Ich habe mich gewundert, dass unsere 80 Millionen so kritisch gesehen wurden. Vor kurzem hiess es noch, mit seiner vorsichtigen Transferpolitik habe der FC Bayern keine Chance mehr, in die Phalanx der englischen und spanischen Topclubs sowie von Paris Saint-Germain einzudringen. Jetzt liefern wir, und die Leute schreien: Wie kann man für einen Spieler 80 Millionen ausgeben? Was hätten die Leute erst geschrien, wenn wir Kylian Mbappé gekauft hätten.
Würden Sie den gern zum FC Bayern holen? Paris hat schon vor knapp zwei Jahren 180 Millionen Euro für Mbappé bezahlt.
Mbappé würde ich sofort kaufen. Der Spieler ist toll. Aber für den fehlt uns das notwendige Geld.

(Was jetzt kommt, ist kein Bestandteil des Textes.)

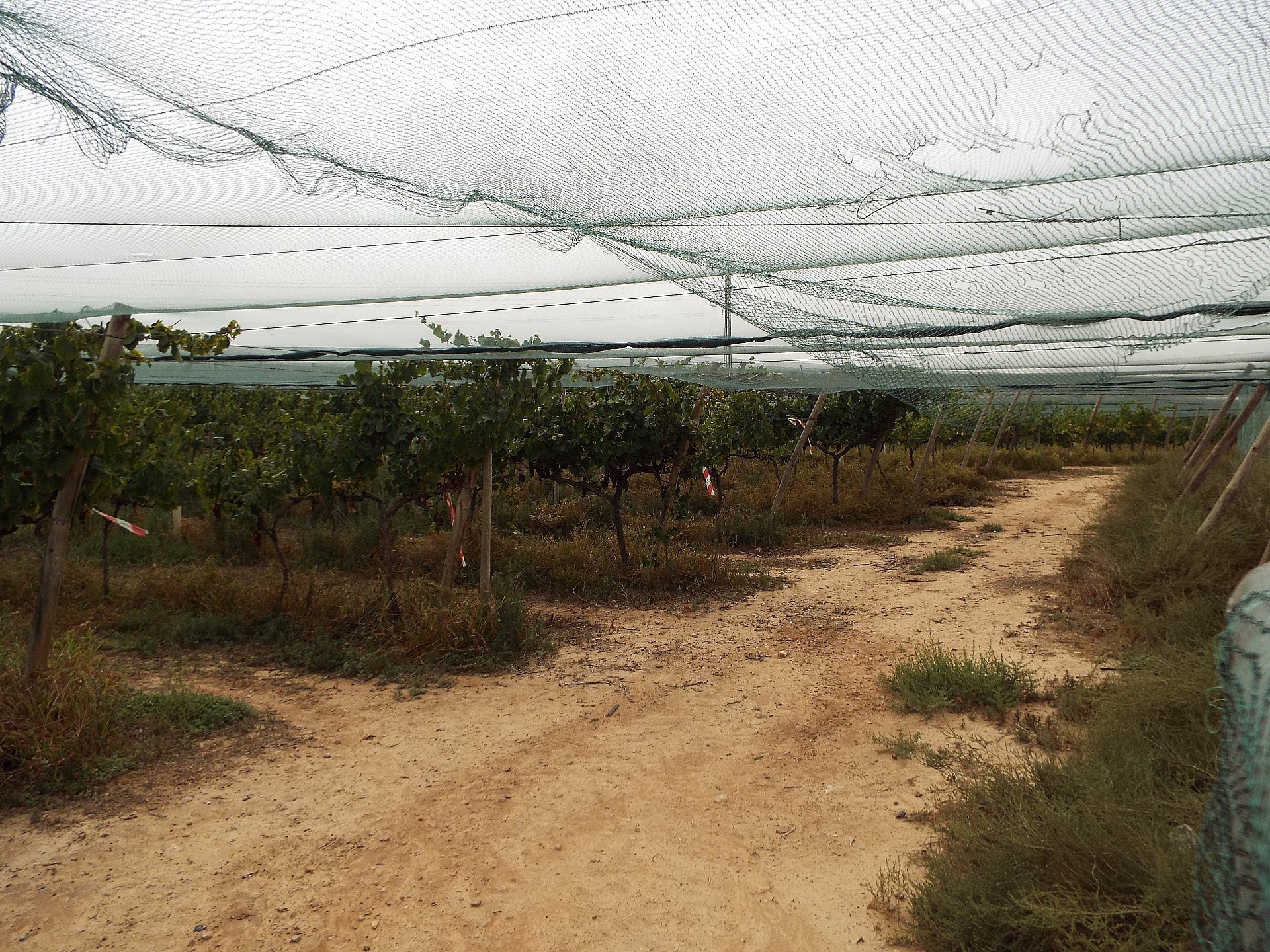 w_am0sjs3zqxvfep2ateq4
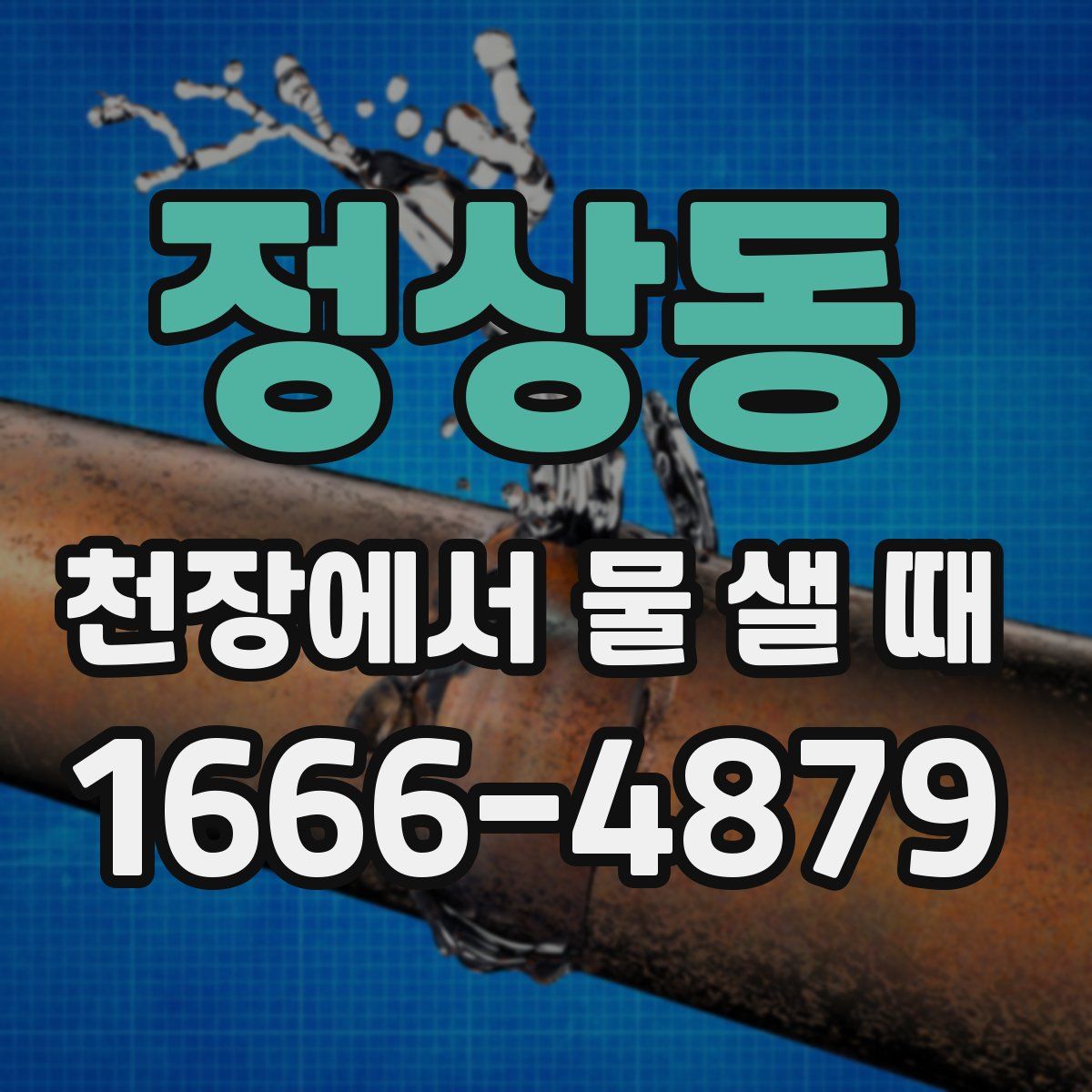 정상동 천장에서 물 샐 때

Kann ein Spieler tatsächlich mehr als 200 Millionen wert sein?
Es geht nicht darum, ob ein Mbappé das wert ist. Die Frage lautet, ob es sich jemand leisten kann, dieses Geld auszugeben, ohne in wirtschaftliche Schwierigkeiten zu geraten. Ich habe gelesen, das teuerste Bild der Welt hat bei einer Versteigerung fast 400 Millionen Euro gekostet. Ist ein Kunstwerk das wert? Natürlich nicht! Aber wenn es einer unbedingt besitzen will und so viel Geld dafür bezahlt, ist das letztlich seine Entscheidung.
Was waren die Meilensteine in der Entwicklung des FC Bayern?
Ganz wichtig war, dass wir es geschafft haben, im Bereich Marketing sehr schnell in die europäische Spitzenklasse aufzurücken. Und als Jürgen Klinsmann 1995 als Spieler zu uns kam, haben wir richtig mit dem Trikotverkauf begonnen. Merchandising wurde zu einem Element. Mit Fanartikeln setzen wir 100 Millionen Euro im Jahr um. Ein Meilenstein war auch die Wiedervereinigung. Mit der Öffnung der Grenzen kam eine ganze Welle ehemaliger DDR-Bürger zu uns. Als ich 1979 anfing, hatten wir 8'000 Mitglieder. Heute sind es fast 300'000.
Sie haben die Bedeutung der Trainer für den Erfolg des FC Bayern angesprochen. Sie haben viele erlebt – und manche auch entlassen müssen...
Und das ist das Schwierigste. Das sind Tiefpunkte der eigenen Karriere. Denn ich habe dabei immer auch die menschliche Komponente gesehen. Ich kann mich an Fälle erinnern, da ist mir der Hals zugegangen, wenn man einem Mann, mit dem man oft jahrelang prima zusammengearbeitet hat, sagen musste, dass es nicht mehr weitergeht.
Niko Kovac ist nach dem Triple-Coach Jupp Heynckes und anderen berühmten Trainern wie Pep Guardiola in grosse Fussstapfen getreten. Er hat kein einfaches erstes Jahr, als Bayern-Trainer zu bestehen. Was muss er leisten, damit Sie ihm auch die Zukunft anvertrauen?
Was heisst, was muss er leisten? Mir hat gefallen, wie er die Mannschaft aus dem schwierigen Tal im November herausgeführt hat. Die Mannschaft ist im Umbruch. Wir haben Niko Kovac auch aufgebürdet, mit Arjen Robben und Franck Ribéry den Übergang zu schaffen. Da ist klar, dass man auch mal Geduld haben muss.
Haben Sie den Zeitpunkt für den Umbruch verpasst?
Ich habe mich letztens sehr gewundert. Beim tollen 3:2 im Länderspiel in den Niederlanden standen fünf Bayern-Spieler in der Startelf, darunter nur der ältere Manuel Neuer sowie vier Junge: Joshua Kimmich, Niklas Süle, Leon Goretzka und Serge Gnabry, alle Jahrgang 1995. Kein anderer Verein stellte mehr als einen Spieler. Der Verein, der am meisten kritisiert wurde, dass er den Übergang nicht geschafft haben soll, erfreut beim Neuaufbau der Nationalmannschaft am meisten.
Seit 1979 bestimmen Sie bis auf eine kurze Phase während Ihrer Haftstrafe die Geschicke des FC Bayern. Im November läuft Ihre Amtszeit als Präsident ab. Haben Sie sich persönlich eine Deadline an der Spitze des FC Bayern gesetzt?
Ich werde mich nach der Saison in aller Ruhe mit meiner Familie zusammensetzen und bis Ende Juni entscheiden, ob ich noch einmal antrete oder nicht. Diesen Fahrplan kennen alle im Verein. Es ist gerade so viel Arbeit da. Wir haben so viele Themen anzupacken. Ich denke an den Einstieg von BMW für Audi oder den Aufbau der neuen Mannschaft. Ich bin in der Sache total entspannt. Eines ist aber auch klar: Man darf sich nicht einbilden, dass man unersetzlich ist. Jeder ist ersetzbar. Der eine mehr, der andere weniger.